Nine times out of ten, you should be creating a class rather than a structure in the first place. Structures and classes have very different semantics in C#, compared to what you might find in C++, for example. Most programmers who use a structure should have used a class, making questions like this one quite frankly irrelevant.
Here are some quick rules about when you should choose a structure over a class:
- Never.
...Oh, you're still reading? You're persistent. Okay, fine.
- When you have an explicit need for value-type semantics, as opposed to reference type semantics.
- When you have a very small type (the rule of thumb is a memory footprint less than 16 bytes).
- When objects represented by your struct will be short-lived and immutable (won't change).
- And occasionally, for interop purposes with native code that uses structures.
But if you've made an informed decision and are truly confident that you do, in fact, need a structure rather than a class, you need to revisit point number 2 and understand what value type semantics are. Jon Skeet's article here should go a long way towards clarifying the distinction.
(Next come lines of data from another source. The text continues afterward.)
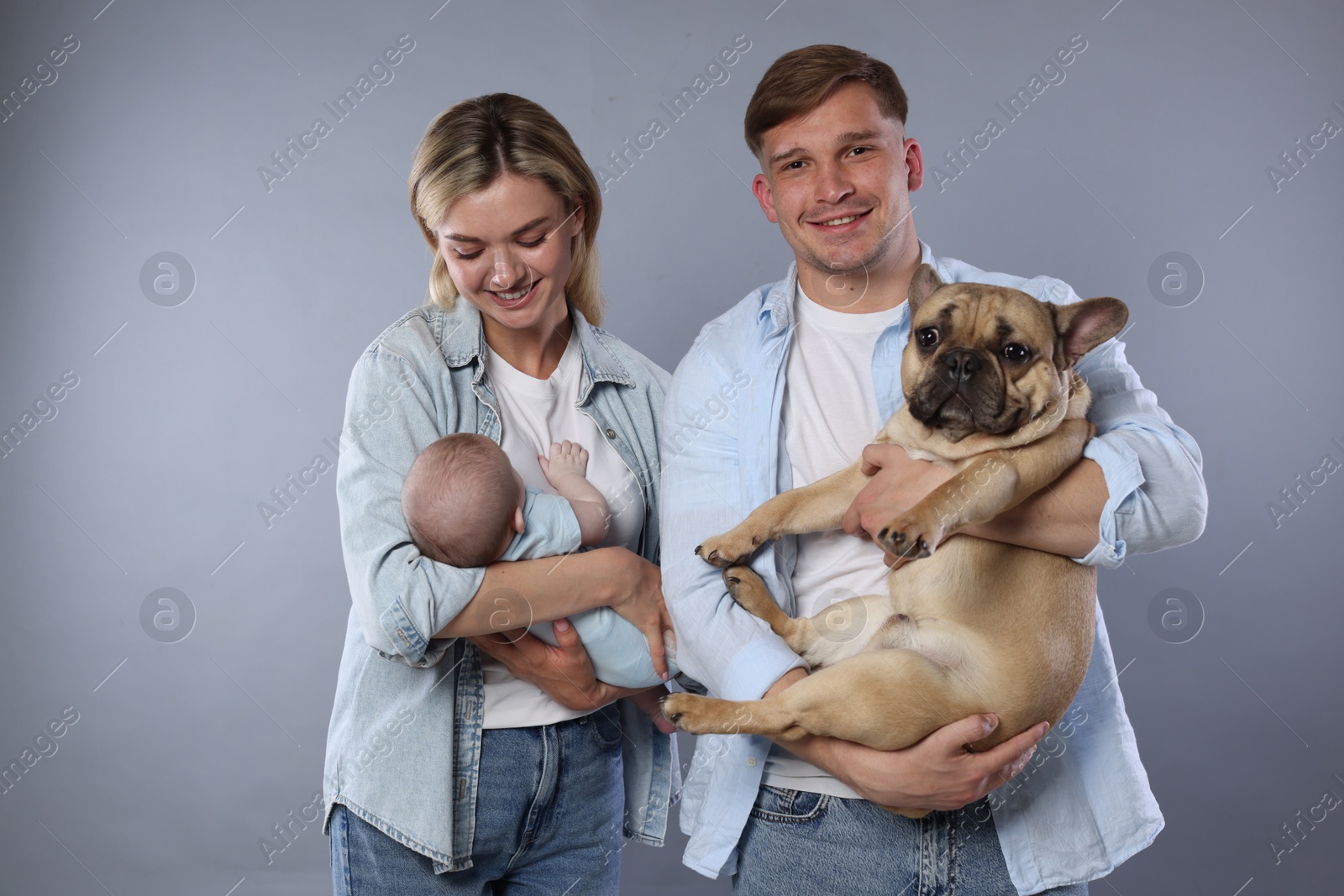Happy family with little baby and cute dog on grey background Photo of Happy family with little baby and cute dog on grey background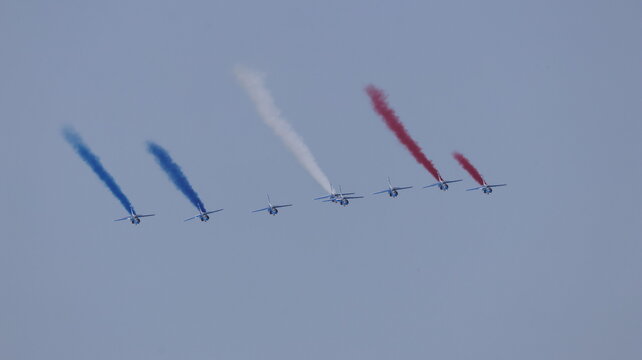 View of Patrouille de France aerobatic jets flying in formation leaving blue, white, and red smoke trails against a clear sky in La Ferte-Alais, Ile-de-France, France.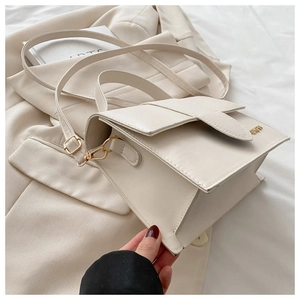 Détail du sac à main crème avec logo doré et finition en cuir synthétique texturé
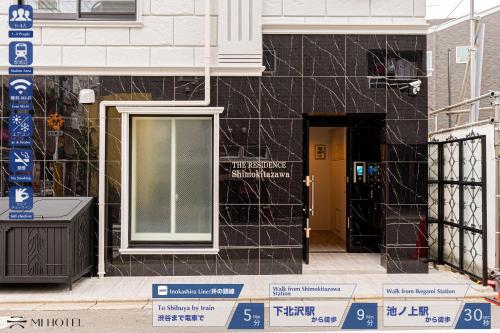 a building being constructed with black tile on it at Mi-HOTEL SHIMOKITAZAWA in Tokyo
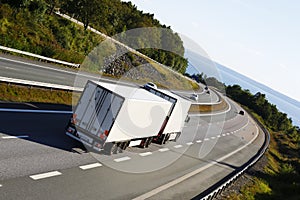 White truck on a beautyful driving route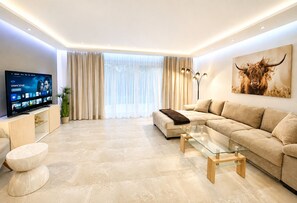 A modern living room with a large flat-screen TV, a beige sofa, a glass coffee table, and a large window with curtains.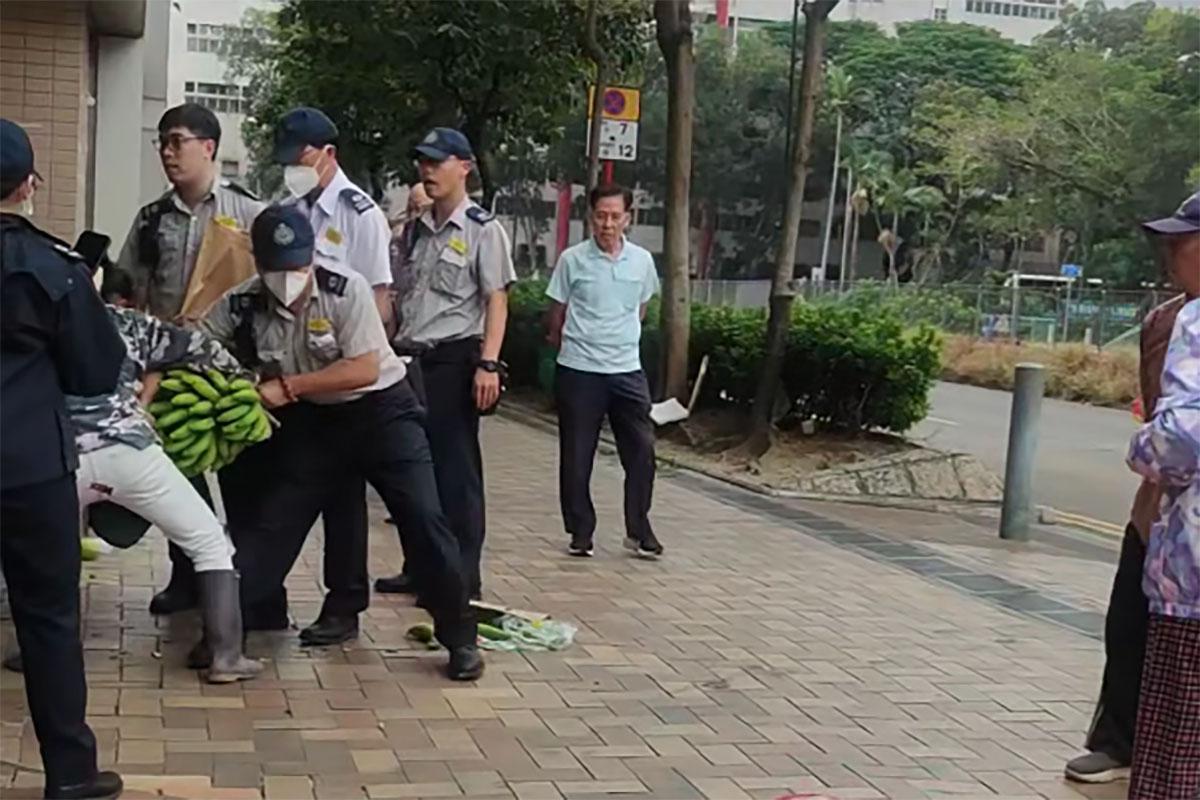 數名食環署職員包圍一名女小販及其貨物。(網民Desmond Wang@FB群組「皇后山乜都友」)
Once you've done that, you should understand why defining a reference type inside of a value type (struct) is not a problem. Reference types are like pointers. The field inside of the structure doesn't store the actual type; rather, it stores a pointer (or a reference) to that type. There's nothing contradictory or wrong about declaring a struct with a field containing a reference type. It will neither "slow the object" nor will it "call GC", the two concerns you express in a comment.